The blastocoel of the blastula is filled with the cells which are budded off from the wall of the blastula. Thus a double layered stereo-gastrula is formed. Finally, a larval form— the planula larva, is produced.
Planula larva:
The planula larva has an elongated and ovoid appearance. The outer layer of the body is composed of ciliated ectodermal cells and the inner layer is the endoderm. Mouth is absent.
It is free-swimming and contains a cavity which is the primordial coelenteron. After a very brief free-swimming existence, the planula larva settles down and fixes itself to the substratum by one pole and transforms into the next stage—the hydrula stage.
Hydrula stage:
The fixed end of this form is designated as the aboral end and the free or oral end develops a manubrium and a circle of tentacles. Then a mouth is formed at the centre of the manubrium. The hydrula, thus formed, gives out lateral buds and transforms into an Obelia colony and thus exhibits a typical instance of metagenesis.
Metagenesis in Obelia:
Amongst Cnidarians, Obelia shows excellent phenomenon of metagenesis. The term was first introduced by Haeckel in 1866. Metagenesis is a phenomenon where diploid (2n) sexual and diploid (2n) asexual generations alternate each other cyclically to complete the life cycle of a sexually reproducing individual. Between the two generations the sexual reproduction is postponed than the asexual reproduction.

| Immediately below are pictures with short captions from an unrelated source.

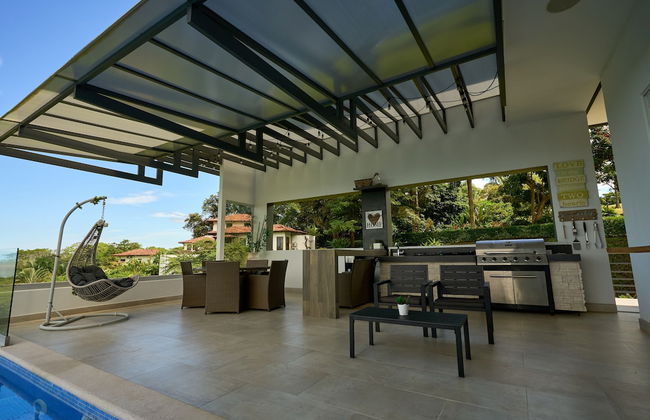 Luxury Hillside Estate at Nativa Resort by RedAwning - Foto 44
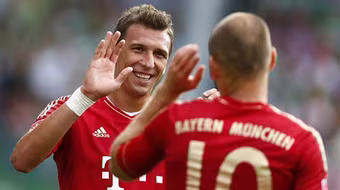 Vòng 1 Bundesliga: "Hùm Xám" ra oai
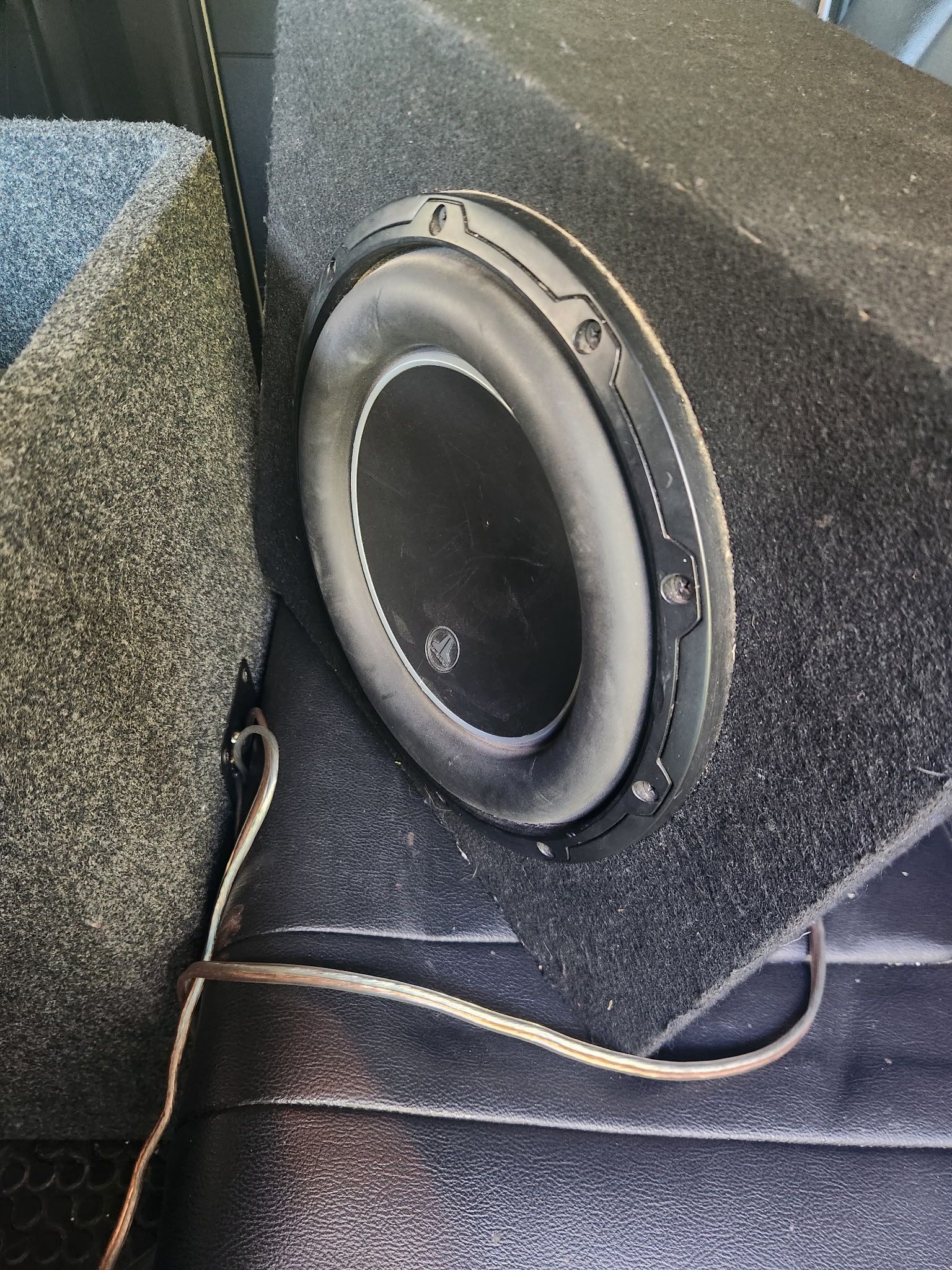 JL audio w6 media 8 inch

In most cnidarians where metagenesis is seen, the medusae (2n) or sexual individuals do not develop directly from the eggs but develop from the polyp (2n) by budding. The polyp form in Obelia develops asexually and it is diploid (2n) and does not contain sex organs. It represents the asexual generation.

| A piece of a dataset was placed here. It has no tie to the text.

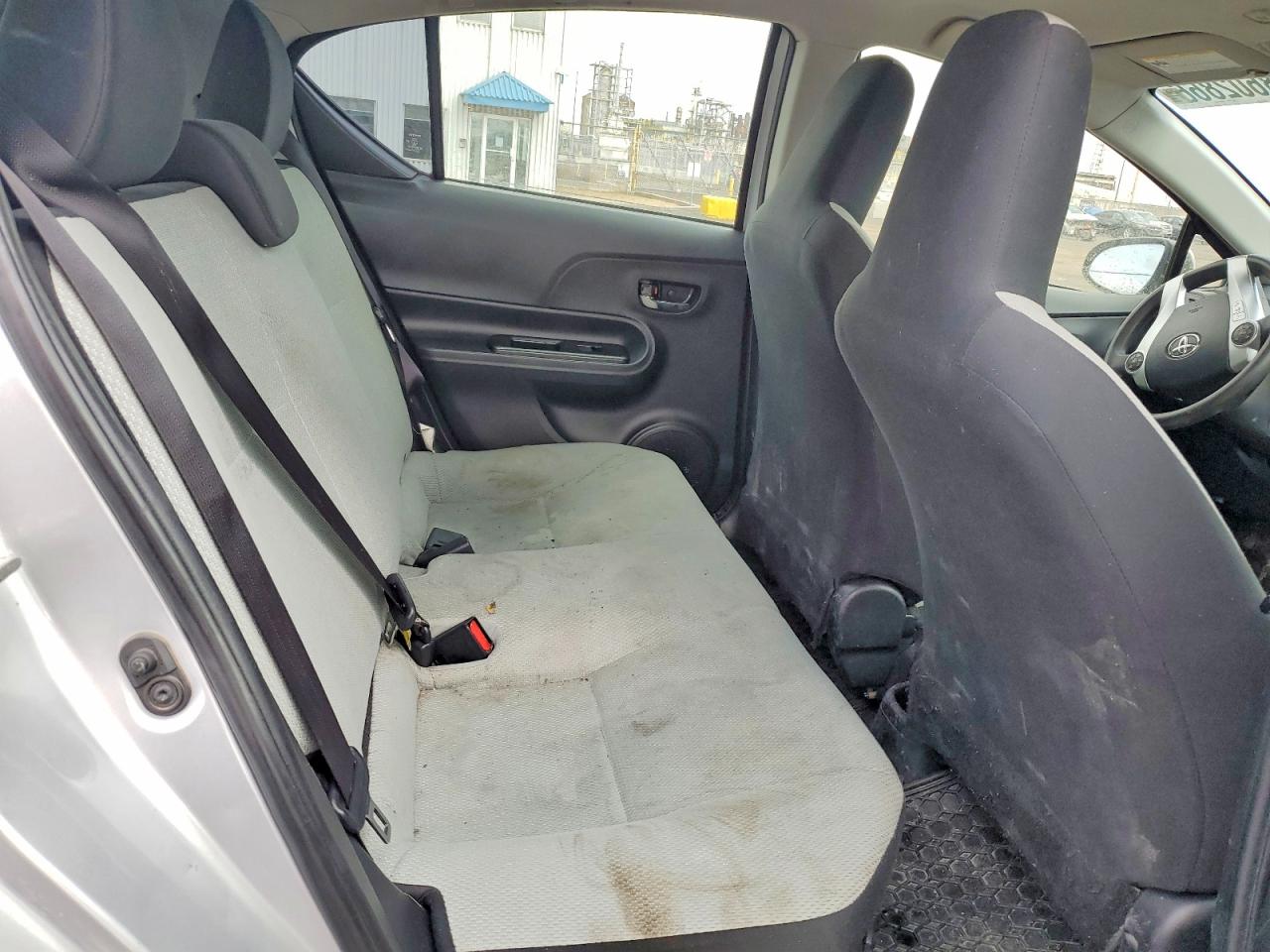2016 TOYOTA PRIUS C ONE photo 10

The Obelia colony represents the fixed, sexless and colonial hydroid or asexual stage (2n), which produces medusa-buds by budding (Fig. 12.16). These medusa-buds subsequently transform into full-fledged medusae. The medusae represent the solitary, free-swimming sexual stage (2n) and possess male or female gonads. The male and the female gametes are produced in the respective gonads.
Mature male and female gametes unite and result into the formation of a zygote, which in turn passes through the usual developmental stages. The developmental process in Obelia is indirect and intervened by the presence of larval forms, which gives rise to the Obelia colony.

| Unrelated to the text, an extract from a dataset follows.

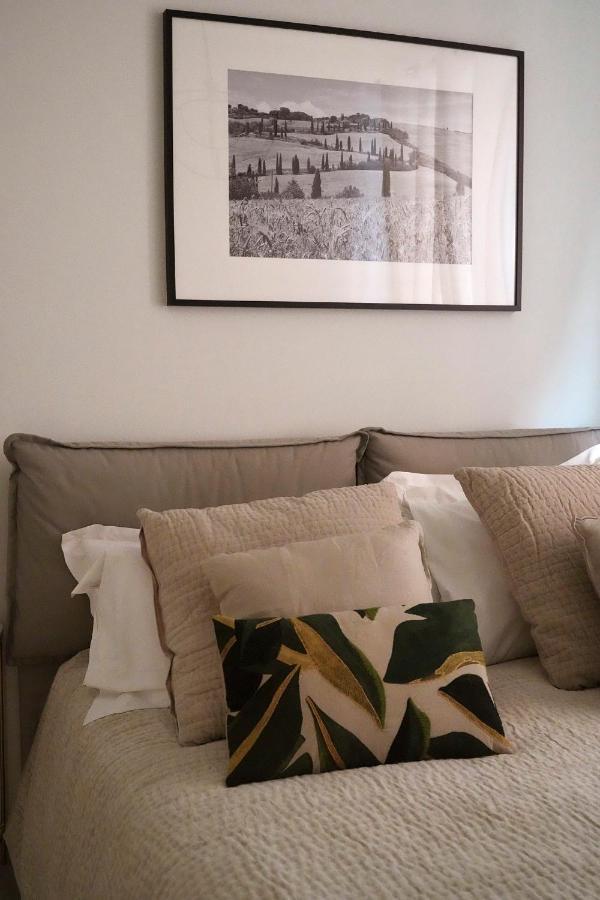 3 Master Bedrooms With Balcony On The River With Views Florence Luaran gambar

So in the life-cycle of Obelia there is a distinct alternation of two diploid generations (Fig. 12.17). Such a phenomenon is called metagenesis. Hartman (1939) considered that the metagenesis is a kind of secondary alternation of generations.
The life cycle of Obelia does not represent the alternation of generations because alternation of generation is a phenomenon where diploid (2n) asexual generation alternates with the haploid (n) sexual generation cyclically to complete the life cycle and the phenomenon of metagenesis represents in the life cycle of Obelia.